◆ **TASK REQUIREMENTS**: What should come back is the data below, word for word, minus any picture.

◆ **AVAILABLE DATA**:
+-------+

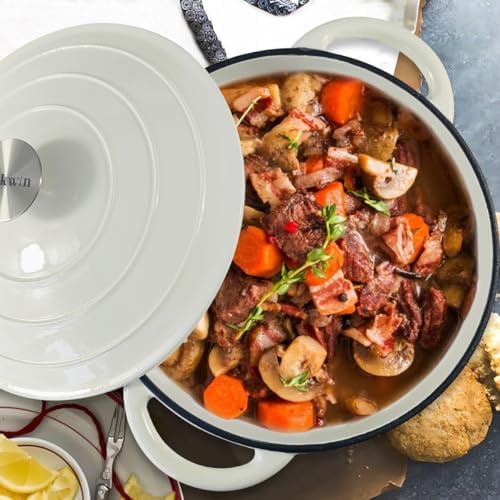 5 QT Enameled Cast Iron Dutch Oven with Lid for Stews and Roasts - Image 2
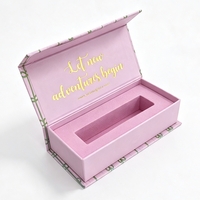 Boîte cadeau élégante pour rouge à lèvres rose, boîte d'emballage cosmétique magnétique pour gloss à lèvres avec logo personnalisé en feuille d'or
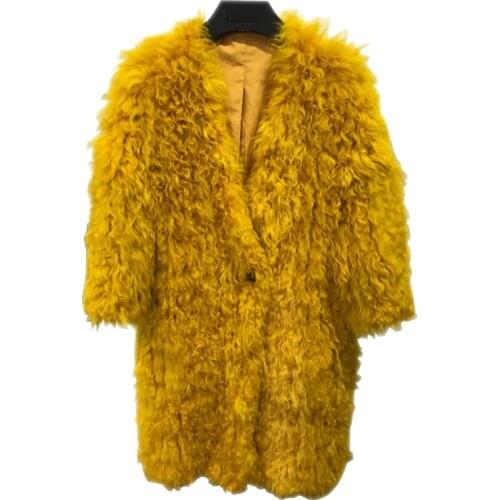 Harppihop knitted Mongolian sheep fur coat jacket overcoat Russian women winter warm fur coat outwear longer style 4 colors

+-------+

◆ **RESPONSE TO THIS TASK**:
 5 QT Enameled Cast Iron Dutch Oven with Lid for Stews and Roasts - Image 2
 Boîte cadeau élégante pour rouge à lèvres rose, boîte d'emballage cosmétique magnétique pour gloss à lèvres avec logo personnalisé en feuille d'or
 Harppihop knitted Mongolian sheep fur coat jacket overcoat Russian women winter warm fur coat outwear longer style 4 colors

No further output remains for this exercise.